Solana, XRP, ETH Slide Further as Bitcoin’s $91K Support Level Draws Renewed Attention

Bitcoin remained pinned near $92,000 on Friday, struggling to build momentum after another failed push through $93,000 overnight. The price action extended the indecisive, range-bound behavior that has dominated the past several sessions, with neither bulls nor bears able to take control.

Trading continues to follow the same script seen since late November: sellers defending the mid-$93,000 region, buyers absorbing dips near $91,000, and the broader market stuck in a holding pattern. The one-month chart still outlines a descending structure dating back to early November’s peak, and the latest attempt at a rebound resulted in yet another lower high. Bitcoin briefly topped out near $93,500 before turning lower again, leaving the prevailing corrective trend intact.

Momentum indicators remain soft, and intraday bounces are fading quickly — highlighting thin liquidity above current levels. A decisive drop below $91,000 would open the door to the next support cluster around $90,000–$90,500, while bulls need a clean reclaim of $93,200 to break the short-term downtrend.

Across majors, performance was mixed heading into the weekend. Ether hovered near $3,150 after slipping modestly overnight, solana fell roughly 4%, XRP declined nearly 5%, and cardano eased about 2%. Total crypto market capitalization rose about 1% over the past day to sit around $3.2 trillion, extending a gradual recovery that began two weeks ago following a seven-week pullback. Over the past week, ETH led major assets with more than a 5% gain, while zcash posted an outsized move earlier in the session.

ETF flows showed a notable split: spot bitcoin funds posted $14.9 million in net outflows, while ether products attracted $140.2 million in inflows, signaling a rotation of capital from BTC toward Ethereum. Liquidation data echoed the divergence — BTC saw about $45 million in long liquidations and $50.7 million in shorts, while ETH recorded over $103 million in short liquidations as traders were caught offside during a pickup in volatility.

Macro developments added fresh uncertainty. U.S. ADP payrolls fell by 32,000 in November, well below expectations, pointing to a faster cooldown in the labor market. Wage growth slowed, and futures markets now price in nearly a 90% chance of a December rate cut. The U.S. dollar index fluctuated sharply as traders recalibrated rate expectations, and risk markets saw volatility widen across the board.

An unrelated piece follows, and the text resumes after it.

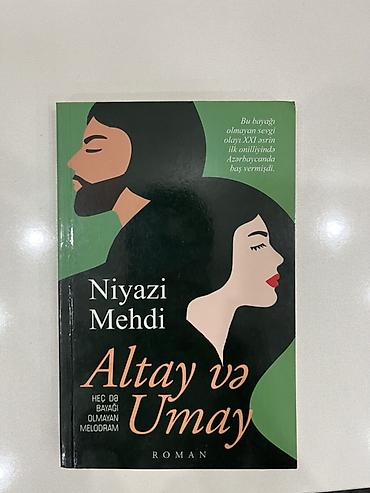 Bədii ədəbiyyat: Məlumat üçün ancaq vp yazın📩 Məhsul: Kitab – “Altay və Umay” Müəllif — 1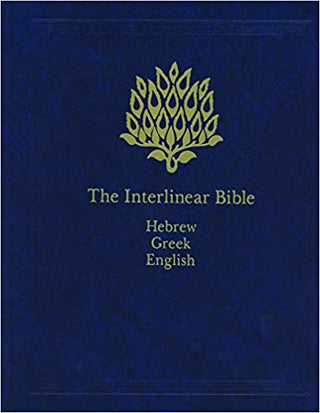 Interlinear Bbl Heb-Grek-Eng HC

FxPro analyst Alex Kuptsikevich noted that bitcoin’s brief advance toward $94,000 encountered “not yet too aggressive” seller resistance, suggesting more formidable pushback may not emerge until the $98,000–$100,000 range. How price reacts at higher levels, he said, will determine whether bitcoin is forming a more durable recovery or simply extending a corrective bounce.

Analysts at Bitunix said the market is in a “composite phase” defined by shifting macro expectations and internal crypto capital rotation, highlighted by ETF flow divergences and uneven liquidation patterns. They expect continued volatility and range-bound trade until bitcoin can secure a break above $93,000 or slip below $90,500.

Institutional moves provided a modest sentiment boost. Vanguard opened access to crypto ETF trading for clients earlier this week, Bank of America told institutional investors they may allocate 1%–4% of portfolios to digital assets, and the CME introduced a VIX-style implied volatility index for bitcoin futures, with versions for ETH, SOL, and XRP in development.